🤖 AI Summary
This work addresses the lack of theoretical characterization of the singular value spectrum of attention matrices in self-attention mechanisms. Within the framework of random matrix theory, it establishes, for the first time, a Gaussian equivalence for such matrices. The study reveals that, under natural parameter scaling, the distribution of squared singular values markedly deviates from the Marchenko–Pastur law. By precisely controlling fluctuations in the normalization term and introducing an improved linearization technique based on the Taylor expansion of the exponential function, the authors rigorously prove that the asymptotic spectrum is exactly captured by an analytically tractable linear model. They further identify the critical threshold governing the validity of this linearization. These results provide the first rigorous, computationally accessible spectral theory for self-attention, fundamentally advancing beyond prior empirical analyses and offering new insights into its statistical nature.
📝 Abstract
Self-attention layers have become fundamental building blocks of modern deep neural networks, yet their theoretical understanding remains limited, particularly from the perspective of random matrix theory.
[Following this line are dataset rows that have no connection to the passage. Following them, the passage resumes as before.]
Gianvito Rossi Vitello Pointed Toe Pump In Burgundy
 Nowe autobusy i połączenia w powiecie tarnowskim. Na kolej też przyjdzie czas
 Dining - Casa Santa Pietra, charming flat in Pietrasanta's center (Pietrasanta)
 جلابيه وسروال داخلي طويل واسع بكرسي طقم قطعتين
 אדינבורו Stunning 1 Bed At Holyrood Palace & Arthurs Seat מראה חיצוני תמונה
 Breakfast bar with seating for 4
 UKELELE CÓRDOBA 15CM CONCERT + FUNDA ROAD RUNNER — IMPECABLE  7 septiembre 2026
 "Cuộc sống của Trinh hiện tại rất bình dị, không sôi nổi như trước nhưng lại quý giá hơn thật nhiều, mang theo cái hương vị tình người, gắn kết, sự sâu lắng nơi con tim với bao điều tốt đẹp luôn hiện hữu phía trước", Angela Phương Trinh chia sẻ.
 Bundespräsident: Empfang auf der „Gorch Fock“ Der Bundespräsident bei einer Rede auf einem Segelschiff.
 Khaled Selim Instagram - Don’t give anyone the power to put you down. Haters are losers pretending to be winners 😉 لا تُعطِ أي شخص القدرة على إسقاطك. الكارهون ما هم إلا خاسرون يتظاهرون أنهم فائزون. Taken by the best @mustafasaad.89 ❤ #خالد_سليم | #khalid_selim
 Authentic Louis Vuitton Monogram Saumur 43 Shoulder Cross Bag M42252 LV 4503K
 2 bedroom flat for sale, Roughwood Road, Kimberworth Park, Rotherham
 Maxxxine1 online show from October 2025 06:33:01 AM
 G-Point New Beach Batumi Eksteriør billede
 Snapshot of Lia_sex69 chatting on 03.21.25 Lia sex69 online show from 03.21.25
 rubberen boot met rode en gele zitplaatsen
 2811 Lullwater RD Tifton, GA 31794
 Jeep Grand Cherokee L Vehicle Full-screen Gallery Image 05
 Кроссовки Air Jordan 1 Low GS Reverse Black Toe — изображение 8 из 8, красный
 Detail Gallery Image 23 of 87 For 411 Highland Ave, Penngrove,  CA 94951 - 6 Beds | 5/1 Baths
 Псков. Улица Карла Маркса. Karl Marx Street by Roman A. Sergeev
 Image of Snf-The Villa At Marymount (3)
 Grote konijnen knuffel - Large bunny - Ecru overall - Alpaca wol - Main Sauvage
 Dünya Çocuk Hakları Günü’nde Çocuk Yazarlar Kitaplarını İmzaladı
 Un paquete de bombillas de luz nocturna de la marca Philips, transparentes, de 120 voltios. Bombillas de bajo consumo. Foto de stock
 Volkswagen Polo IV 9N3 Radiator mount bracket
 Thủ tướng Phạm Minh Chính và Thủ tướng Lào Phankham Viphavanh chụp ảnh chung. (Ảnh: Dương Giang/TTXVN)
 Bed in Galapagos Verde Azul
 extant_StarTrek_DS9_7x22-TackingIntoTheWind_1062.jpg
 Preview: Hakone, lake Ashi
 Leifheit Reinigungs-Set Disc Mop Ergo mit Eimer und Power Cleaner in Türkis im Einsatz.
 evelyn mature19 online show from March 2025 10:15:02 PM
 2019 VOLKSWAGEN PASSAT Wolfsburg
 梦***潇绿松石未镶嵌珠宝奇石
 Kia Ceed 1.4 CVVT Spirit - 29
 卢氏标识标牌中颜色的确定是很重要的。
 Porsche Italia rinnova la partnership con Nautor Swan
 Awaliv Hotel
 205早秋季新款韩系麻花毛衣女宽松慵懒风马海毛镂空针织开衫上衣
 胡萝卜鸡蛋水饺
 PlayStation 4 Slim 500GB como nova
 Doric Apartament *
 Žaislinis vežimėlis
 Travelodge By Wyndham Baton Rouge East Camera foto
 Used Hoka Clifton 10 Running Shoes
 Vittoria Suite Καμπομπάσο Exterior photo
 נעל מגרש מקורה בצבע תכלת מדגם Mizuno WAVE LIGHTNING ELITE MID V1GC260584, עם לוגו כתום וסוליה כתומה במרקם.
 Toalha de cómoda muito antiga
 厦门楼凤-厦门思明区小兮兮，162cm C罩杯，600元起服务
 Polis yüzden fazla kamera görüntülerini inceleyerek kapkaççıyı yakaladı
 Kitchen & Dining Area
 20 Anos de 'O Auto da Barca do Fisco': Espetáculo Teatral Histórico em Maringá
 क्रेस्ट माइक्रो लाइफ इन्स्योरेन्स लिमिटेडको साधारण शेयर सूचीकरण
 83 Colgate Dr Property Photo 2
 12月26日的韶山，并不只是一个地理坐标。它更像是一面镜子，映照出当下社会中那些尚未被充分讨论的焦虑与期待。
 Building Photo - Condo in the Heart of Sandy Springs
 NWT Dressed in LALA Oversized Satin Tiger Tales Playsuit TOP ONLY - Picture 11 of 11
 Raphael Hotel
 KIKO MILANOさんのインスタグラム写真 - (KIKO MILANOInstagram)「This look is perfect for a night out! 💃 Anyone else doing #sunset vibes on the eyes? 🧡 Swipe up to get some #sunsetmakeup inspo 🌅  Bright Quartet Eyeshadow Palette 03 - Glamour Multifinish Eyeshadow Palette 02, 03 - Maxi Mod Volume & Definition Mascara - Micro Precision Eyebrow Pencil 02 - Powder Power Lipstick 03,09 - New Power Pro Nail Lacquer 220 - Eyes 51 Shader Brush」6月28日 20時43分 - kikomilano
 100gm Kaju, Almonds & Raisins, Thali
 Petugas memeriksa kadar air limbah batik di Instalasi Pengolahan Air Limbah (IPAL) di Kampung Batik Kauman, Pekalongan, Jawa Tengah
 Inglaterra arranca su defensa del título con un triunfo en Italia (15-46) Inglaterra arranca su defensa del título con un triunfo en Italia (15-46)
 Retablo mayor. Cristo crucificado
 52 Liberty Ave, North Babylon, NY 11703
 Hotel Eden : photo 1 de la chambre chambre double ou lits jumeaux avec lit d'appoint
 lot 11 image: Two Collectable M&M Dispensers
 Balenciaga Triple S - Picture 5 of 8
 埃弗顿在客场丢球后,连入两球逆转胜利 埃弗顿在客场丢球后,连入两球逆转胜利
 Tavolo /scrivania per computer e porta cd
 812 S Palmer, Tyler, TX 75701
In this work, we provide a rigorous analysis of the singular value spectrum of the attention matrix and establish the first Gaussian equivalence result for attention. In a natural regime where the inverse temperature remains of constant order, we show that the singular value distribution of the attention matrix is asymptotically characterized by a tractable linear model. We further demonstrate that the distribution of squared singular values deviates from the Marchenko-Pastur law, which has been believed in previous work. Our proof relies on two key ingredients: precise control of fluctuations in the normalization term and a refined linearization that leverages favorable Taylor expansions of the exponential. This analysis also identifies a threshold for linearization and elucidates why attention, despite not being an entrywise operation, admits a rigorous Gaussian equivalence in this regime.